**Exercise materials**.
--------------------------------

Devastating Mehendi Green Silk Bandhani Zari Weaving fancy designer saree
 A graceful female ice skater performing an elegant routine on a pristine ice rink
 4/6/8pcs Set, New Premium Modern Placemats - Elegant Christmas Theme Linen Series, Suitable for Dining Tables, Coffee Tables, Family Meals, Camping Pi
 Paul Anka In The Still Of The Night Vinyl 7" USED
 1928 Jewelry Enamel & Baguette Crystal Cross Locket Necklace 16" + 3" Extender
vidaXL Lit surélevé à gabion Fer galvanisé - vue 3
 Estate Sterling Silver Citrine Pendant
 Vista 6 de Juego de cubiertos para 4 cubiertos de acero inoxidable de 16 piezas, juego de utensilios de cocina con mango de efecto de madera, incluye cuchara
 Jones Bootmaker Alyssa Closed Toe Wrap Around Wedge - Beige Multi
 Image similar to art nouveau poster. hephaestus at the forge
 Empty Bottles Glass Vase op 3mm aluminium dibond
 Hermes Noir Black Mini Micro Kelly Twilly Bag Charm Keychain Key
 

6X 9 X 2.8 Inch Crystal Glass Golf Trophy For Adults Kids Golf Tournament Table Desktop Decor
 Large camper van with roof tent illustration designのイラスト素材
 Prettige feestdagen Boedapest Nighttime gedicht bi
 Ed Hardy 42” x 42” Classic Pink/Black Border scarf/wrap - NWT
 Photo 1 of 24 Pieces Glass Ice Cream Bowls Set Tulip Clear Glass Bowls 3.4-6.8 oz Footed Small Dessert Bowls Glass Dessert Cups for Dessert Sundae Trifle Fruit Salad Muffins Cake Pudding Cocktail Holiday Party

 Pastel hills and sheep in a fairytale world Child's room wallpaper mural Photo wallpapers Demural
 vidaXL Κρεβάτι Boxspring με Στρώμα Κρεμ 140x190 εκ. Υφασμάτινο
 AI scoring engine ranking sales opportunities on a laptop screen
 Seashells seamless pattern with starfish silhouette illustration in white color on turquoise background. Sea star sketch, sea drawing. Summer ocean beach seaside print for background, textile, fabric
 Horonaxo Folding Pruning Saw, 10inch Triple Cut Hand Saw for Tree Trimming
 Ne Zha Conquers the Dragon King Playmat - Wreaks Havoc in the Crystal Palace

--------------------------------

**Work to complete**. Begin with the first line of the listing and copy exactly through the line that contains "A graceful female", please, keeping both ends and leaving out everything after.

**Solution to this task**.
Devastating Mehendi Green Silk Bandhani Zari Weaving fancy designer saree
 A graceful female ice skater performing an elegant routine on a pristine ice rink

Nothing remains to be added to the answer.